Crónica de Carina Fonseca: livros, ou as mãos no ombro silenciosas

(Fotografia: Pexels/DR)
A leitura permite bem mais do que absorver informações e estimular ideias: pode atenuar angústias, ao lembrar que não estamos sós nos nossos pensamentos e emoções.

O gosto pelos livros, em mim, despontou cedo. Quando era miúda, lia desde banda desenhada até histórias de terror. Ainda hoje cabe de tudo na minha estante: títulos de autores ilustres surgem lado a lado com policiais, biografias, livros de poesia, moda, design, história, meditação, receitas e viagens, entre outros temas mais exóticos. Além do gozo que me dá embarcar nessas aventuras, da ficção à vida prática, vejo na mistura de referências combustível para a criatividade.
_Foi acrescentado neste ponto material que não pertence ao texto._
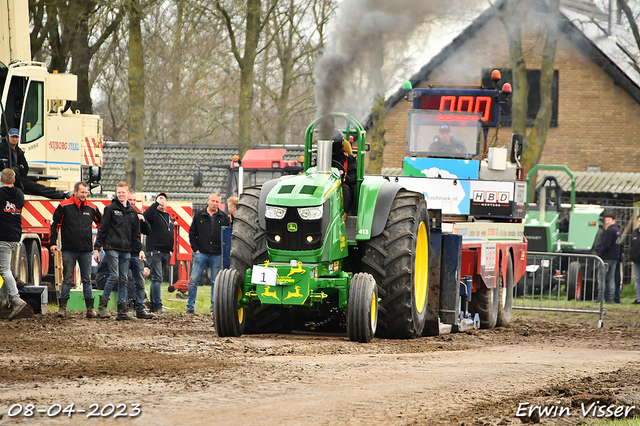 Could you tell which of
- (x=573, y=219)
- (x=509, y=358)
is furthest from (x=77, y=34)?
(x=509, y=358)

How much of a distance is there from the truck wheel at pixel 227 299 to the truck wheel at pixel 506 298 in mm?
5553

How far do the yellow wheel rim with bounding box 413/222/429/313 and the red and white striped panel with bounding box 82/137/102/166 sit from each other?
1232 cm

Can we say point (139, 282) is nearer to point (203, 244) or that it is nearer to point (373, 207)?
point (203, 244)

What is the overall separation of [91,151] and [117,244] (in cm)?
893

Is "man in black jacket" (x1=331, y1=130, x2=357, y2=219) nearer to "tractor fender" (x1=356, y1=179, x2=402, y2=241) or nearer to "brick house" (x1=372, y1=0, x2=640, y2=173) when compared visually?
"tractor fender" (x1=356, y1=179, x2=402, y2=241)

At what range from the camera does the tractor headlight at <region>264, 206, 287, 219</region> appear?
9266mm

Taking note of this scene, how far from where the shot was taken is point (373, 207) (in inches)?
391

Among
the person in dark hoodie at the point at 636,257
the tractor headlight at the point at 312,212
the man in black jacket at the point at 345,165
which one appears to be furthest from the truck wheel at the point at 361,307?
the person in dark hoodie at the point at 636,257

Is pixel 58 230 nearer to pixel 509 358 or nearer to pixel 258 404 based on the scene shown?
pixel 509 358

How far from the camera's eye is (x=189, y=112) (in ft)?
136

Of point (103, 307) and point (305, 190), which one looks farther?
point (103, 307)

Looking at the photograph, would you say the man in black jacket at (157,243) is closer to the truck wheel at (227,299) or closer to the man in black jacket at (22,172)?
the man in black jacket at (22,172)

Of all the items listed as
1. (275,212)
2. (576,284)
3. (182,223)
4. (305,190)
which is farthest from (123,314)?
(576,284)

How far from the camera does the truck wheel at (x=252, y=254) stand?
9.70 meters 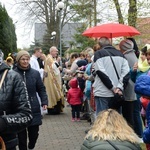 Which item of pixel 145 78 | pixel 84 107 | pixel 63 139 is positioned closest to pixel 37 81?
pixel 63 139

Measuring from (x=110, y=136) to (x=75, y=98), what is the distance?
7400 millimetres

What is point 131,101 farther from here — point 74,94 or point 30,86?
point 74,94

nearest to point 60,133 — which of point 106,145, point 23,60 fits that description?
point 23,60

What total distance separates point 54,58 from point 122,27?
389 cm

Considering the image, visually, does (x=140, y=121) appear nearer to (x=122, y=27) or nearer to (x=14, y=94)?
(x=122, y=27)

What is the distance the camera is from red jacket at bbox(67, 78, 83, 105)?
1096 cm

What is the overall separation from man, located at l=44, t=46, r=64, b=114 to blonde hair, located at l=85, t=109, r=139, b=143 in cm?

Nunca se sabe quando é que um dado aparentemente inútil vai dar jeito, alavancar uma conversa, ser a peça que faltava para criar algo novo. Claro que a leitura permite bem mais do que absorver informações ou estimular ideias. Pode servir de distração, fuga à banalidade do quotidiano; pode ajudar a abrir caminhos, criar empatia ou, simplesmente, atenuar angústias e desconfortos, ao lembrar que não estamos sós nos nossos pensamentos e emoções.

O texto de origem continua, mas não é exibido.